◆ Exercise requirements ◆
Retype each line of the material below word for word; pictures stay out.

────────────────────

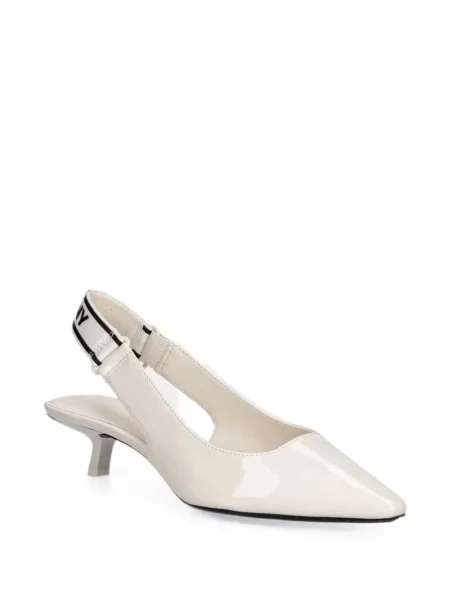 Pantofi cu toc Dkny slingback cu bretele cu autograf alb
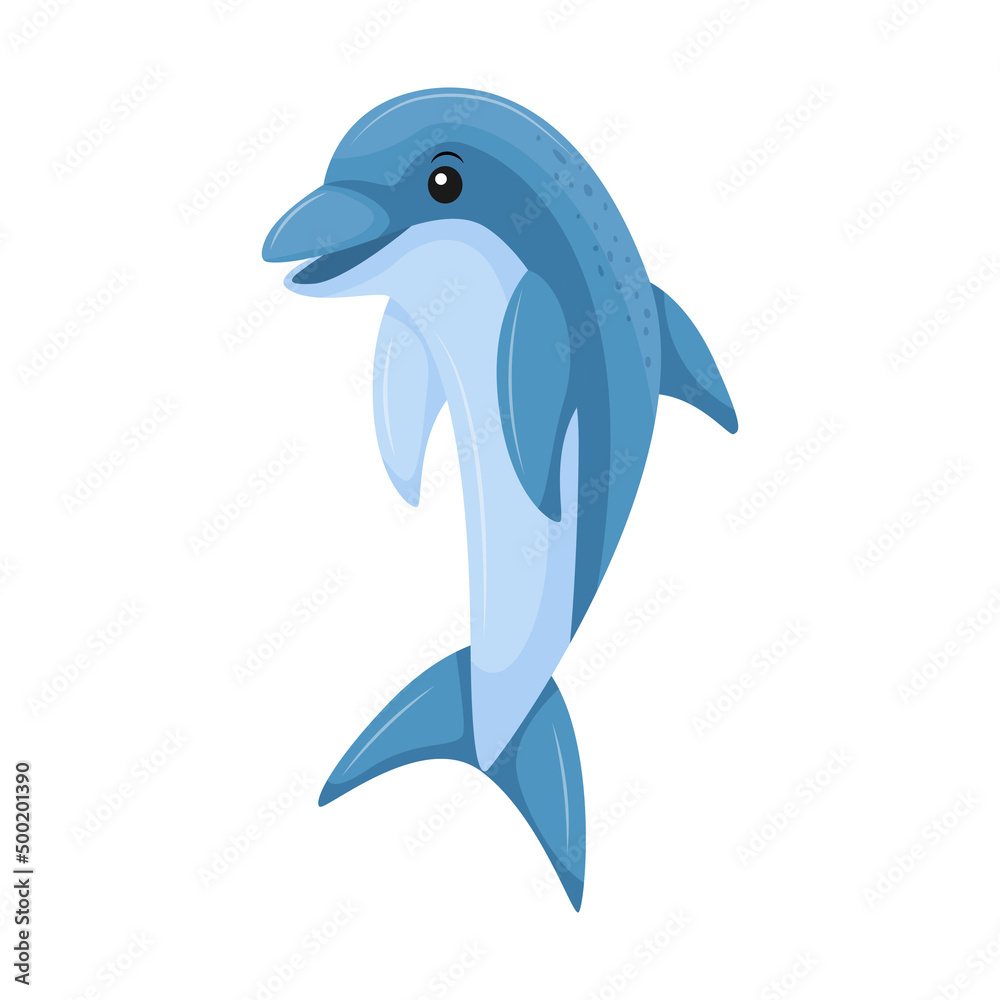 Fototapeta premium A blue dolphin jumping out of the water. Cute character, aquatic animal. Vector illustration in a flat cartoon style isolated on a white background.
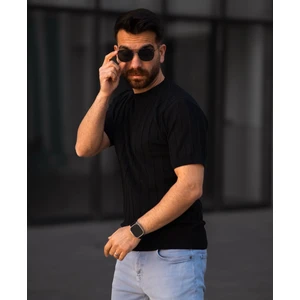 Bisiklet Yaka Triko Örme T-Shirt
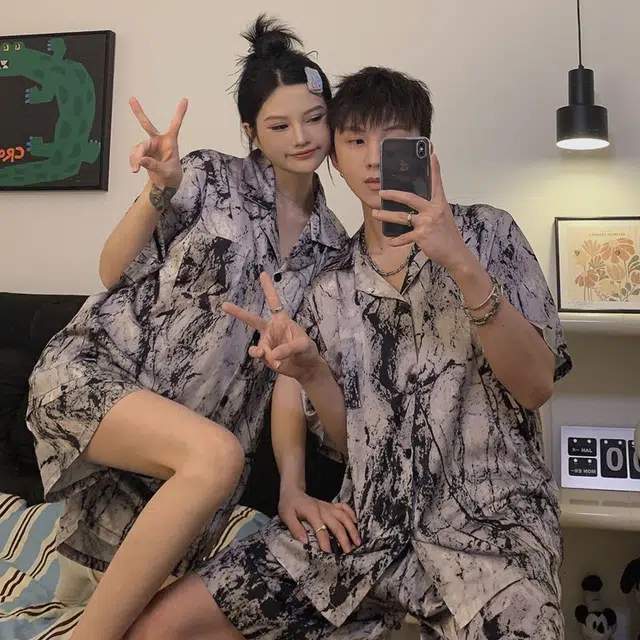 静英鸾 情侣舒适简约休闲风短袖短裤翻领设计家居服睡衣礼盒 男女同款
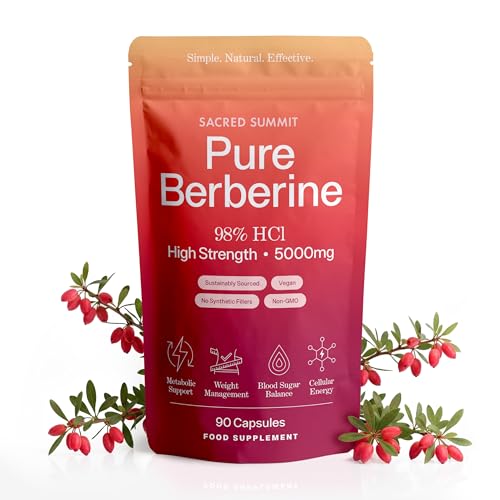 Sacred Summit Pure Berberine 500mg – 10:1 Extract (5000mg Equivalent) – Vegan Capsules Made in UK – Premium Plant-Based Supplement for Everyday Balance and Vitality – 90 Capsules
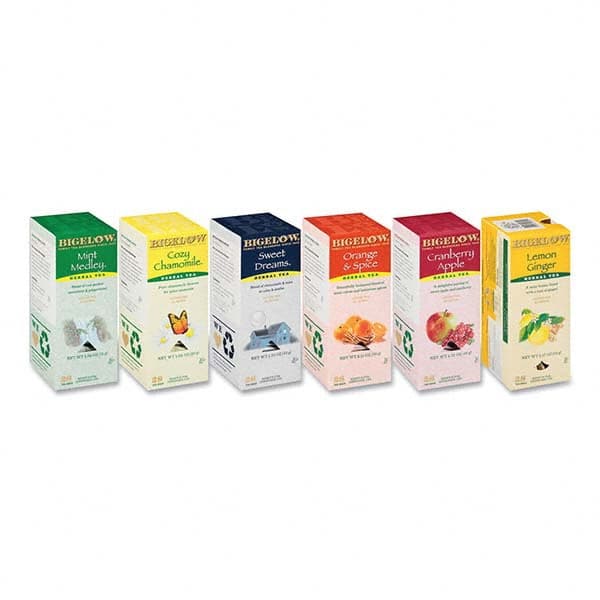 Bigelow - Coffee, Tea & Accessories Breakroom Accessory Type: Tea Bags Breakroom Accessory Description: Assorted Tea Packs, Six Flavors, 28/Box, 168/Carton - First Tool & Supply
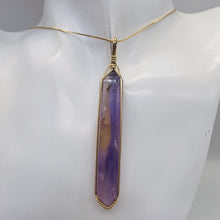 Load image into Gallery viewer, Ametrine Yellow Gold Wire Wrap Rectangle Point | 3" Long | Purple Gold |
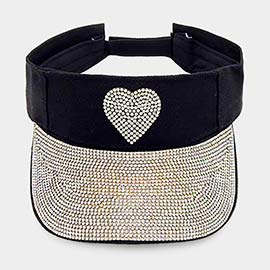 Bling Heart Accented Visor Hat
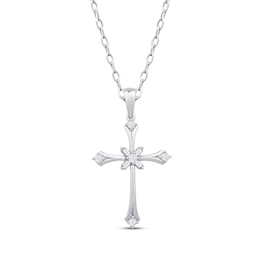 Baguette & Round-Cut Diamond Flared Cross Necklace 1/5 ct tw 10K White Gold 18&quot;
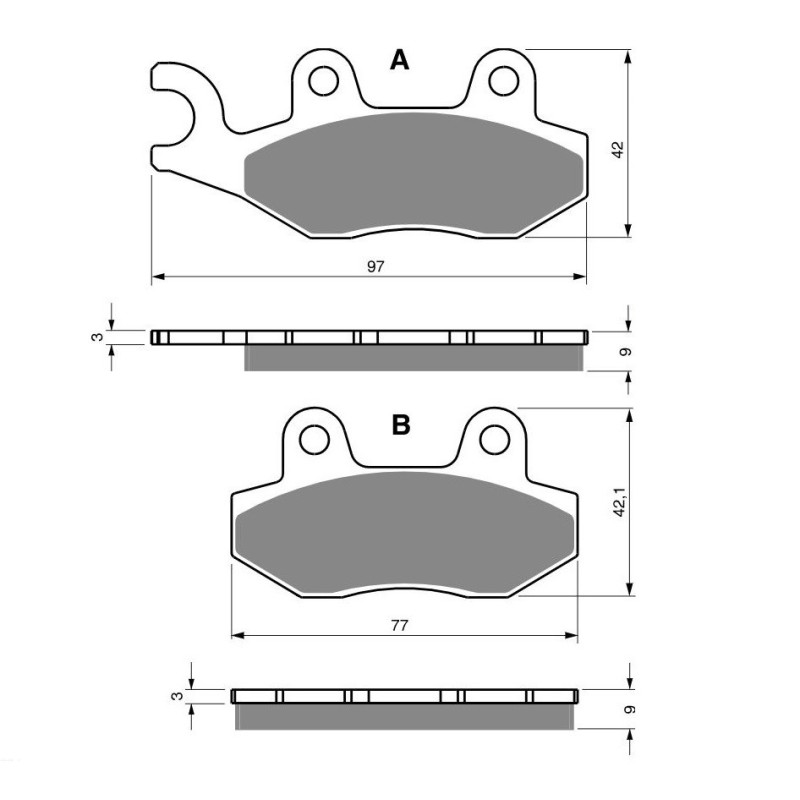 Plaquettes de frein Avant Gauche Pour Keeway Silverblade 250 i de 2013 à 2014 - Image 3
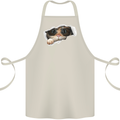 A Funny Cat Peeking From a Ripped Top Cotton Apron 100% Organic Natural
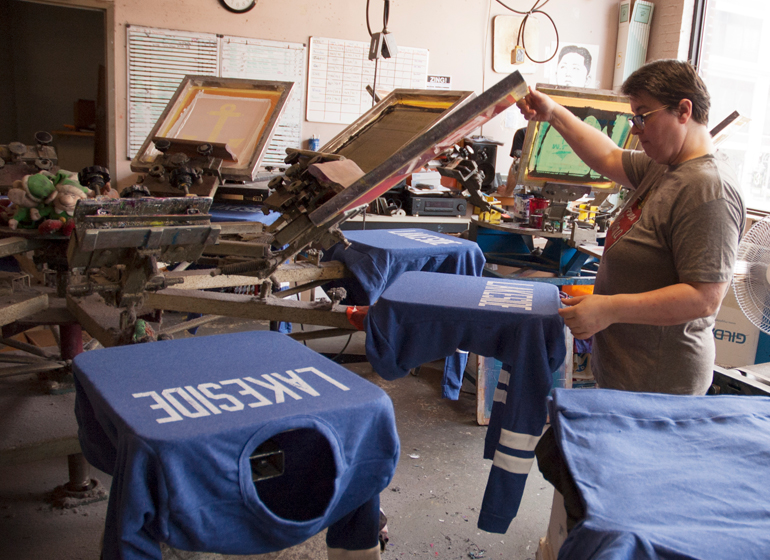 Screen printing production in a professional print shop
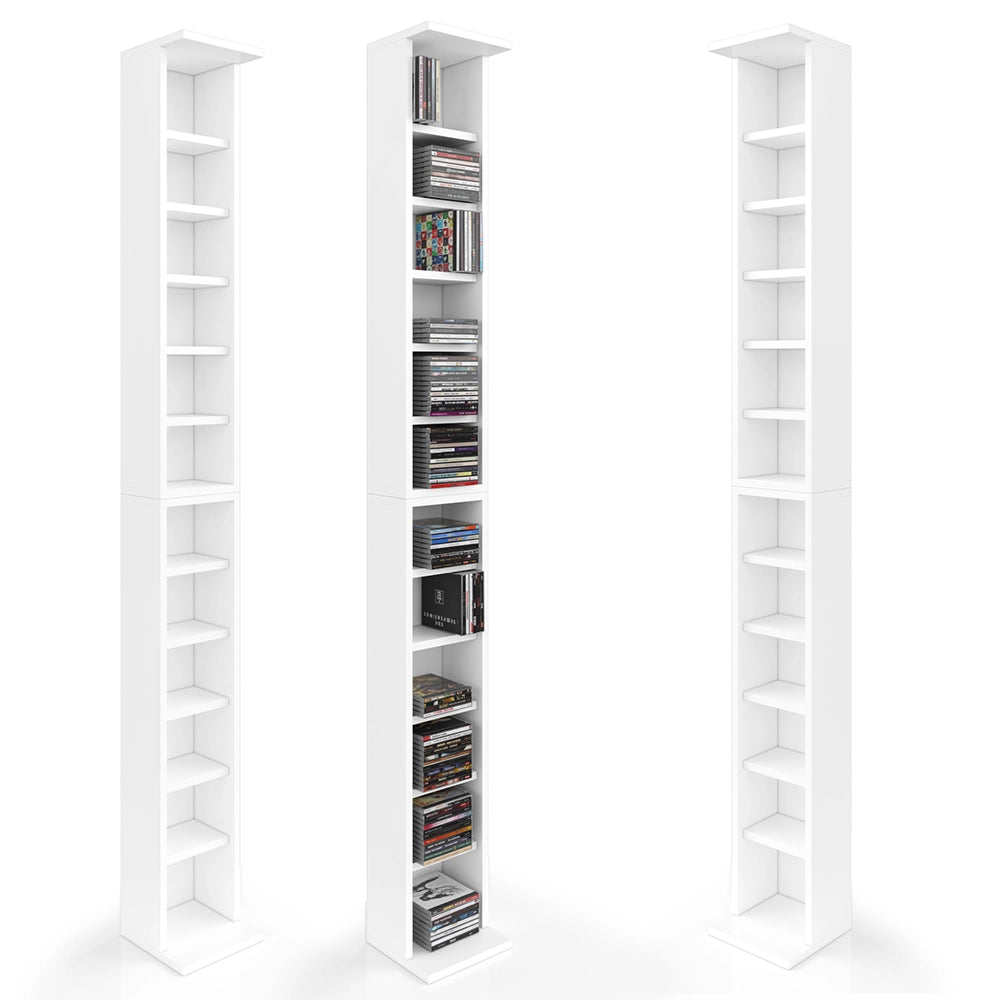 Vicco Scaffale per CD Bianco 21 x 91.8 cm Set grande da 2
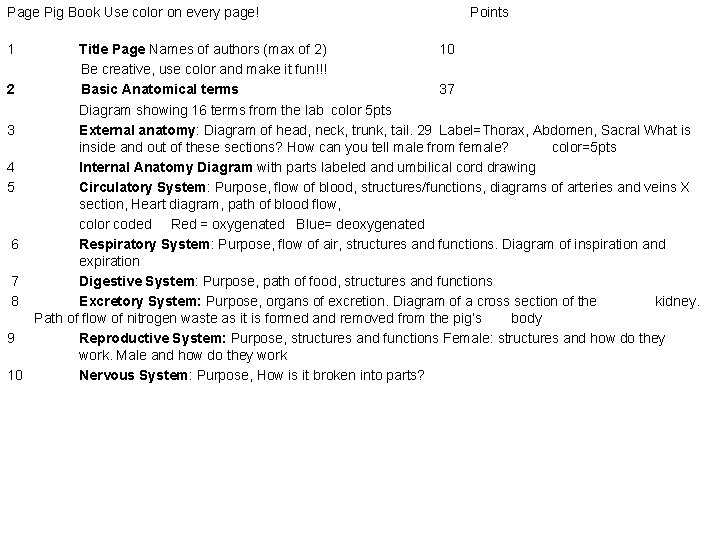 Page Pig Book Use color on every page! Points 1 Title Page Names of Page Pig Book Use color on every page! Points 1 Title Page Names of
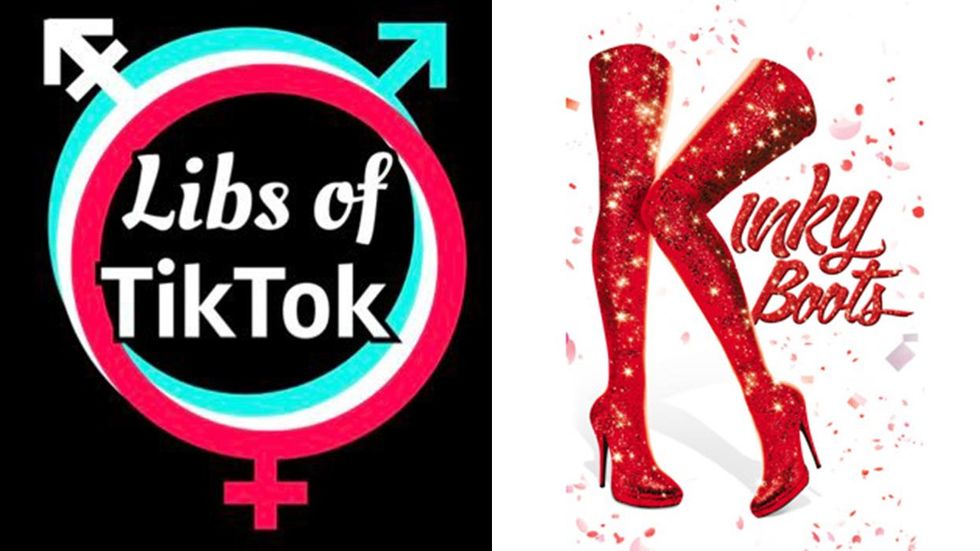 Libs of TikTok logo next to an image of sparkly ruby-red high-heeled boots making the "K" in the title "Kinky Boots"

────────────────────

◆ Output ◆
 Pantofi cu toc Dkny slingback cu bretele cu autograf alb
 Fototapeta premium A blue dolphin jumping out of the water. Cute character, aquatic animal. Vector illustration in a flat cartoon style isolated on a white background.
 Bisiklet Yaka Triko Örme T-Shirt
 静英鸾 情侣舒适简约休闲风短袖短裤翻领设计家居服睡衣礼盒 男女同款
 Sacred Summit Pure Berberine 500mg – 10:1 Extract (5000mg Equivalent) – Vegan Capsules Made in UK – Premium Plant-Based Supplement for Everyday Balance and Vitality – 90 Capsules
 Bigelow - Coffee, Tea & Accessories Breakroom Accessory Type: Tea Bags Breakroom Accessory Description: Assorted Tea Packs, Six Flavors, 28/Box, 168/Carton - First Tool & Supply
 Load image into Gallery viewer, Ametrine Yellow Gold Wire Wrap Rectangle Point | 3" Long | Purple Gold |
 Bling Heart Accented Visor Hat
 Baguette & Round-Cut Diamond Flared Cross Necklace 1/5 ct tw 10K White Gold 18&quot;
 Plaquettes de frein Avant Gauche Pour Keeway Silverblade 250 i de 2013 à 2014 - Image 3
 A Funny Cat Peeking From a Ripped Top Cotton Apron 100% Organic Natural
 Screen printing production in a professional print shop
 Vicco Scaffale per CD Bianco 21 x 91.8 cm Set grande da 2
 Page Pig Book Use color on every page! Points 1 Title Page Names of Page Pig Book Use color on every page! Points 1 Title Page Names of
 Libs of TikTok logo next to an image of sparkly ruby-red high-heeled boots making the "K" in the title "Kinky Boots"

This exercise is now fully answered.